The logic of self-destructive state formation is enacted today in Gaza. Israeli Minister of Heritage Amihai Ben-Eliyahu was recently embroiled in controversy after stating that one of Israel’s options in the siege could be to drop a nuclear bomb on the Gaza Strip. This was a statement made by the official tasked with the preservation of Israeli cultural heritage. After an all-too-familiar process, Eliyahu was suspended by Netenyahu but retained his post, as he had the support of the radical right Minister of National Security Ben-Gvir. He would later walk his statement back, tweeting that “it is clear to all sensible people that the statement about the atom is metaphorical.” We might add, “as are all pretensions to rules-based international order, civilization, and democracy in Israel.” Is there a more stark portrayal of the contradiction lying at the heart of the European nation-state than a Minister of Heritage suggesting the annihilation of life on Earth? The title is thus rendered a carcass: the drive of Zionist preservation is the same lust for destruction lying at the root of all colonial projects. The self-ordained permission to annihilate all record of the indigenous is obscured by the language of “civilization” and “order,” these being the “vital mythologies” underlying the supposedly democratic nation-state. These events constitute a transvaluation––a reconstruction of the value of archives in service of state sovereignty through the act of violent destruction. 

In moments of great social upheaval, the symbolic meaning of records are transformed by destruction. Borders are redrawn in blood. This impulse towards destruction-as-transvaluation is found at the originary event of modern archival history, coinciding with a Republic borne of Reason, individual liberty, and equality. This tradition was then activated in Algeria––with French terrorists and archivists razing documents they considered fundamental to their national existence in order to annihilate the memory of colonialism and Algerian claims to indigenous sovereignty. The language of Reason was used to justify their actions; the concepts were transformed into hollow shells.

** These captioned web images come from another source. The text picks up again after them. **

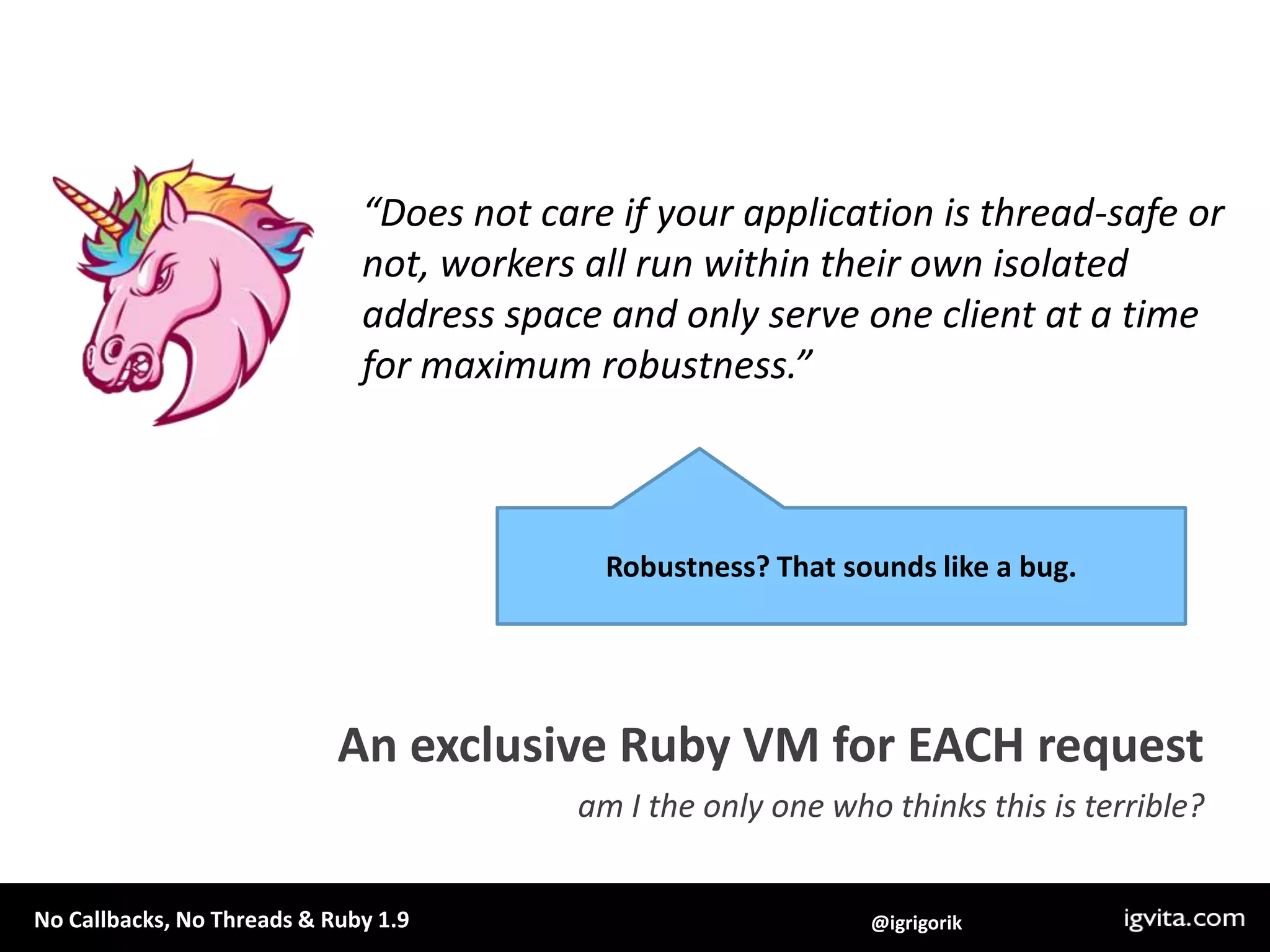 “Does not care if your application is thread-safe or not, workers all run within their own isolated address space and only serve one client at a time for maximum robustness.”Robustness? That sounds like a bug.An exclusive Ruby VM for EACH requestam I the only one who thinks this is terrible? 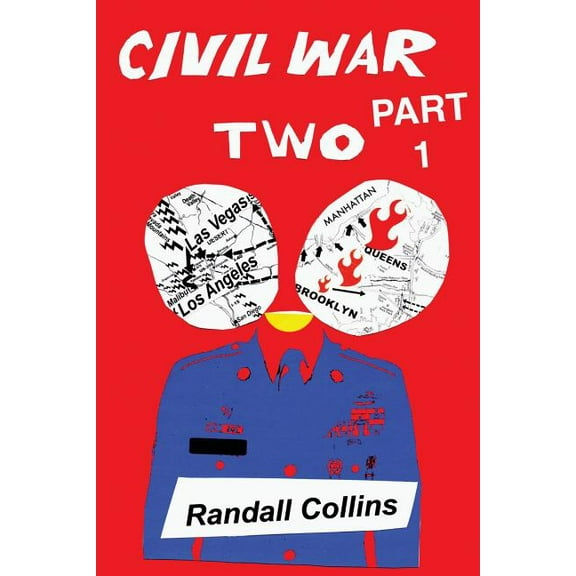 Civil War Two Civil War Two, Part 1: America Elects a President Determined to Restore Religion to Public Life, and the Nation Splits, Book 1, (Paperback)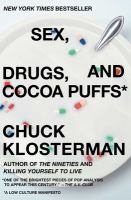 Sex, drugs, and cocoa puffs : a low culture manifesto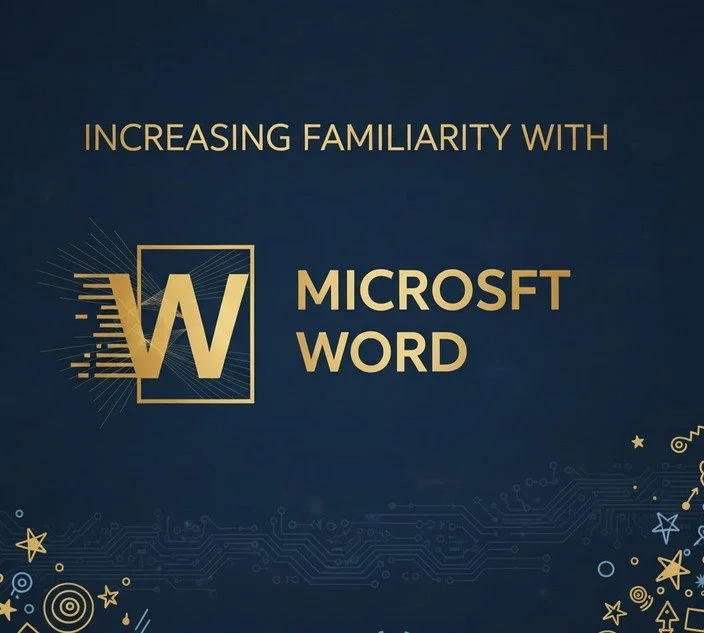 Increasing Familiarity with Microsoft Word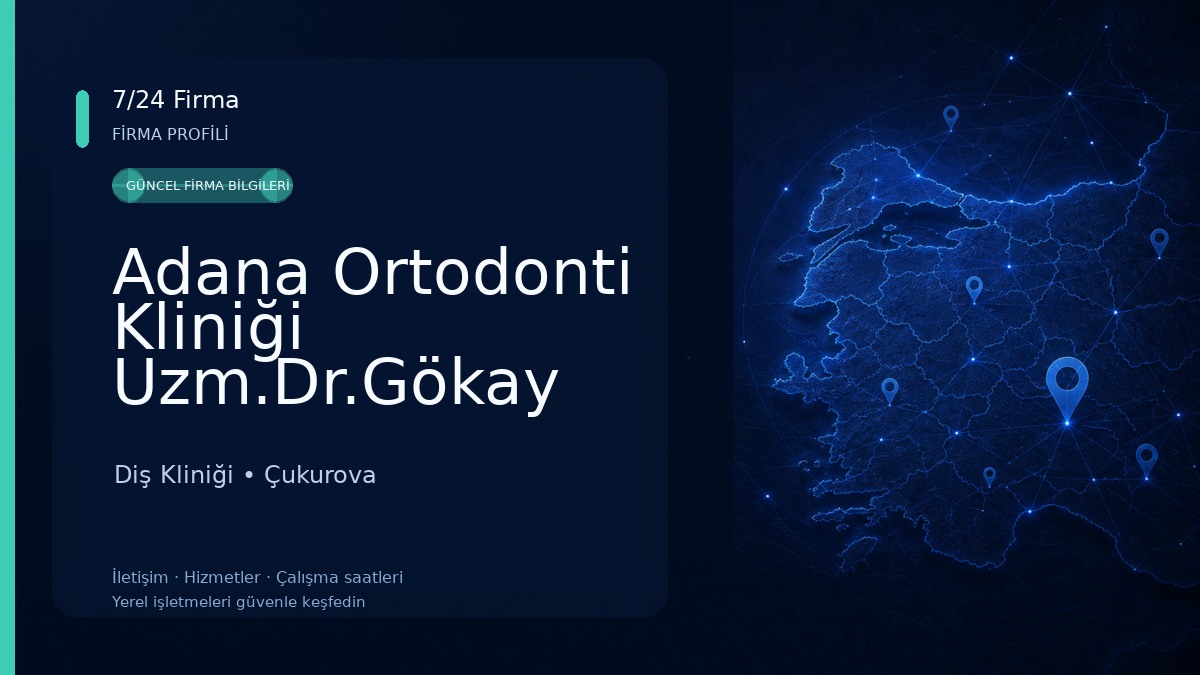 Adana Ortodonti Kliniği Uzm.Dr.Gökay Üstdal Diş Kliniği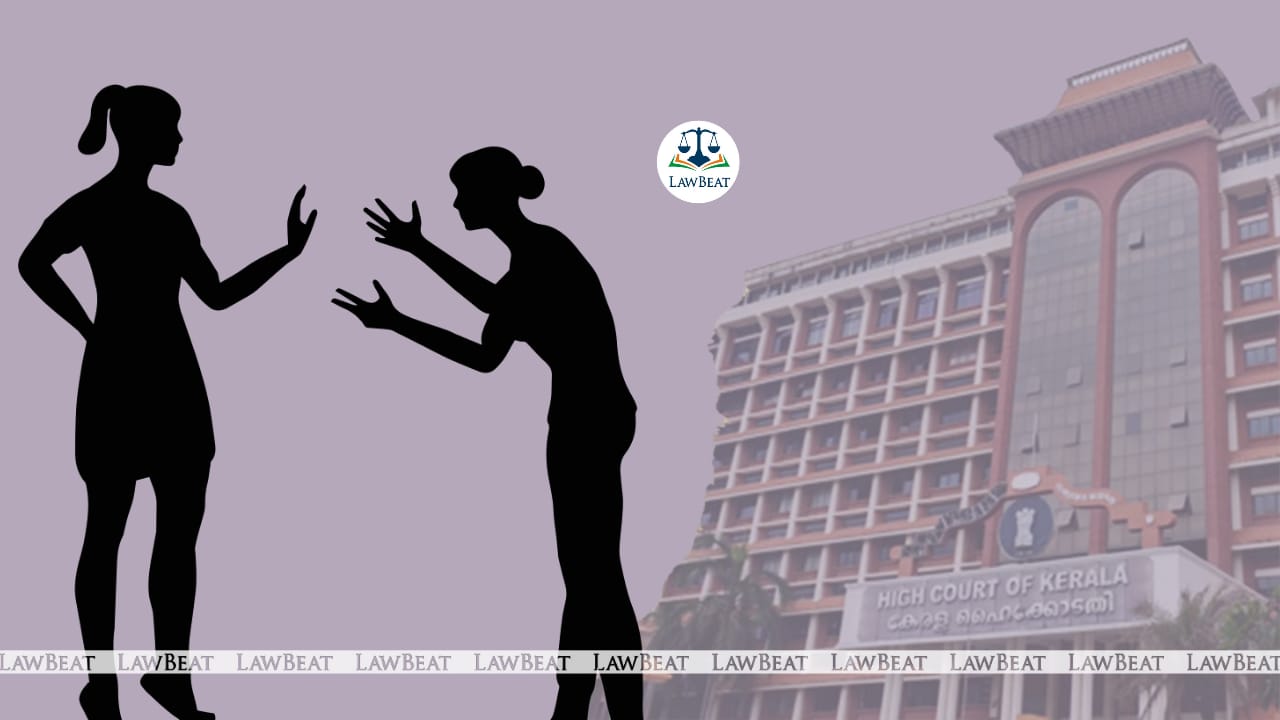 Body Shaming Sister-in-Law Constitutes Cruelty Under Section 498A IPC : Kerala HC Body Shaming Sister-in-Law Constitutes Cruelty Under Section 498A IPC : Kerala HC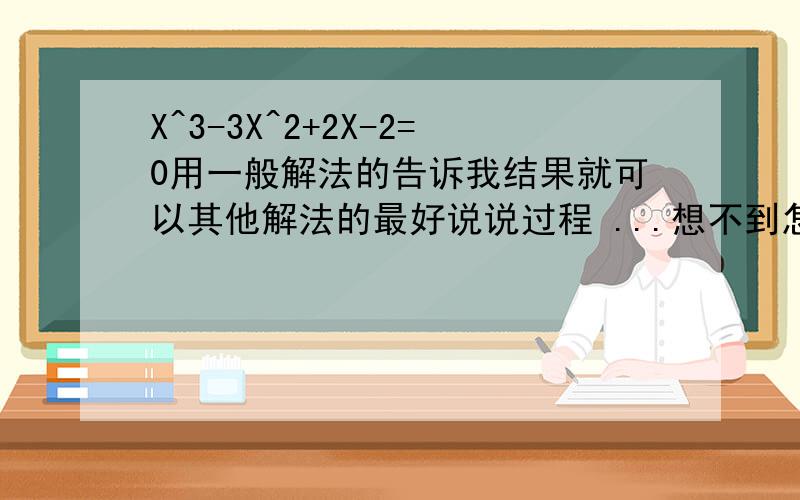 X^3-3X^2+2X-2=0用一般解法的告诉我结果就可以其他解法的最好说说过程 ...想不到怎么解初三学无理数了.我知道答案肯定有根号的 给我准确值啊带根号的啊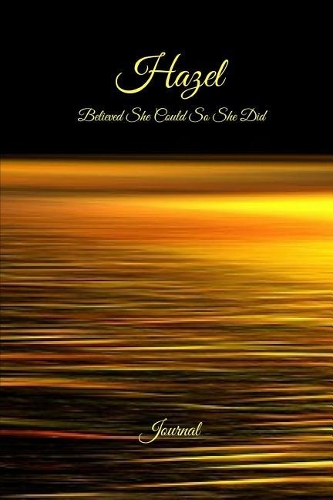 Hazel Believed She Could So She Did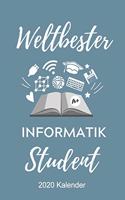 Weltbester Informatik Student 2020 Kalender: A5 Geschenkbuch ERFOLGSJOURNAL 2020 für Informatik Studenten - Programmierer - Geschenkidee Abitur Schulabschluss - Vorlesungsbeginn - Studium - Ers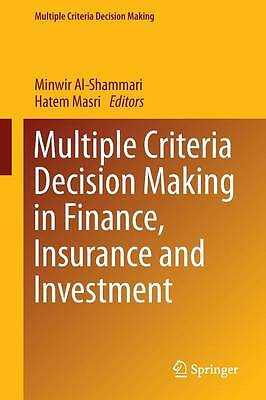 Multiple Criteria Decision Making in Finance, Insurance and I... - 9783319211572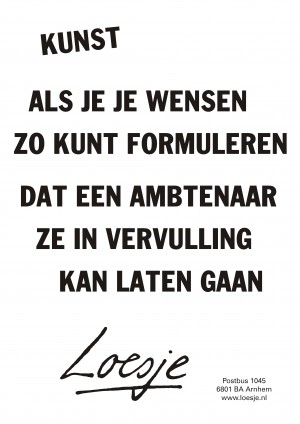 Kunst als je je wensen zo kunt formuleren dat een ambtenaar ze in vervulling kan laten gaan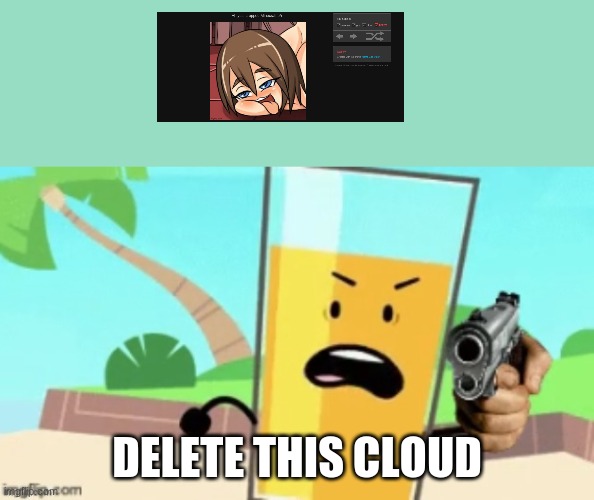 Seriously Delete That Shit | DELETE THIS CLOUD | image tagged in oj delete this | made w/ Imgflip meme maker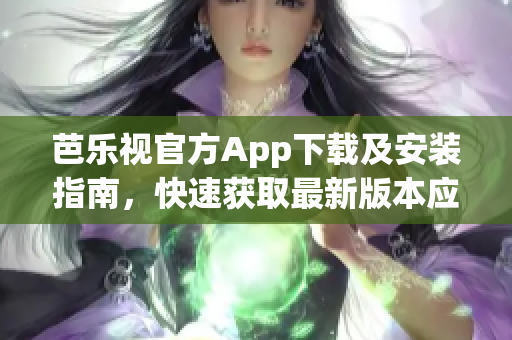 芭乐视官方App下载及安装指南，快速获取最新版本应用享受视频播放与娱乐服务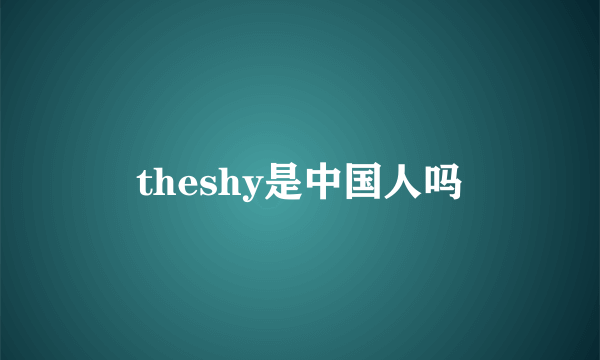 theshy是中国人吗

If we hope to shore up the accelerating drift towards fascism in all its forms, we must recognize the archival destruction residing at the heart of the European nation-state. Destruction is not recreation. There will always be a trace of violence. May all empires fall by their own annihilating drives, and our world be emancipated by counter-archives of liberation and critical memory. 

 

References

Ghaddar, J. (23 July 2024). Resistance archives in the shadow of genocide. Briarpatch Magazine. https://briarpatchmagazine.com/articles/view/resistance-archives-in-the-shadow-of-genocide

Jawad, Saleh Abdel. (2016) “Colonial Anthropology: The Haganah Village Intelligence Archives.” Jerusalem Quarterly 68 (Winter).   

Masalha, Nur. 2012. “Appropriating History: Looting of Palestinian Records, Archives and Library Collections, 1948–2011.” In The Palestine Nakba Decolonising History, Narrating the Subaltern, Reclaiming Memory, 135–47. London: Zed Books.

Panitch, J. M. (1996). Liberty, Equality, Posterity?: Some Archival Lessons from the Case of the French Revolution. The American Archivist, 59(1), 30–47. 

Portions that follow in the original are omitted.